Style Arcade is a fashion Saas desktop app that aims to help fashion companies make better buying decisions for their stock investment. How it does this is to analyse all of a company’s sales data, including stock that is purchased and tracking how fast it sells, in what particular style, size, colour etc. in which stores and then make an analysis on what quantity to buy for your future stock investment in what size ratios. Through the power of software making up to the minute calculations fast than fashion buyers can analyse in their excel documents manually, this posed a significant opportunity to help fashion companies to get a leading edge to server their customers better and with less risk.

The Products

There are two products released, Range Planner and their Core software which does Fashion Analytics.

The Range Planner: problem space

Through customer research, current Style Arcade customers who had been using the Fashion Analytics platform had expressed interest in a software that would help them to plan out their range which is done on average every 3 months.

The current process for range planning is a very manual process. In fact most of the time it is done with a physical moodboard with pictures printed and pinned up onto the board and hundreds of spreadsheets in which every change needs to be updated manually, making collaboration and getting a single source of truth difficult to achieve.

the solution

The software operates as a workflow for their customers, tracking status like planned, on order, delivered as well as a method for helping users to see how their plan to budget is going.

Being able to visually see the products you were planning was a huge advantage since it allowed you to see whether you had too much pink in a collection or too many styles in a particular category, allowing you to balance the range. Excel made this hard since it’s not easy to manage images and numbers data all in one. Each of the product card can be drag and dropped, the design of the interface took inspiration from google calendar, where you would have a collection of products based on each month.
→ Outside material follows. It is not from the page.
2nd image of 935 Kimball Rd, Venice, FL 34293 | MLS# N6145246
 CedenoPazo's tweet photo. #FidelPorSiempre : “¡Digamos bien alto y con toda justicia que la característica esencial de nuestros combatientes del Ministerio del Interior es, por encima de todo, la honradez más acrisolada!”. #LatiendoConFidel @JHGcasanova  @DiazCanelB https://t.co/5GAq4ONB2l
This was a particular area of focus during the design process, was how to design it so that it would be easy to navigate without much onboarding involved, whilst dealing with the complexity of multiple date values (delivery date, launch date).

Since there were many different spreadsheets for every different area, having one system that can reconcile with their final purchasing system, the ERP would ensure no slipups in orders placed.

Fashion Analytics: problem space

The founder saw a gap in the market for how software can help users to do fashion buying better.

Within most fashion companies, whether you are operating a fashion brand in which you are designing your clothes and having them manufactured overseas e.g Prada; or you are a fashion retailer that buys these clothing products from the brand and sells them to their customer base e.g The Iconic, both these types of fashion companies will usually have a fashion buyer determining how many units of a product to buy.

Part of this challenge is to try to predict via analysis what is the consumer future demand, and to ensure that their supply is adequate, at the right time and in the right quantities. Too many and you are left with stock that is hard to sell, discounting also may not be the best strategy for a brand. If you buy too little you will have lost potential sales opportunities. Any wrong decision could be costing a company millions in revenue.

Many smaller companies have a knowledge gap and many bigger companies could pose to save significantly on the productivity of their employees if they had something that could help them in this problem space.

the solution

Within the Fashion Analytics Core product lies different tools that solve for the various pain points in the problem space. The tools are mainly: the dashboard, rollups, aged styles, size curves.

Dashboard are your analytics graphs that show at a glance your different data points. These are designed to be easily exported for weekly reporting. Things like what are the proportion of products that sit in the different price points, whether your styles are wide or deep, i.e if you have many styles, or if you have ordered too many units of a particular style.

Rollups is kind of like a souped up version of an excel spreadsheet, except it’s much easier to use, and you can click and drag things to use for financial modelling.

Aged styles shows how much of your holding inventory is old stock vs new stock.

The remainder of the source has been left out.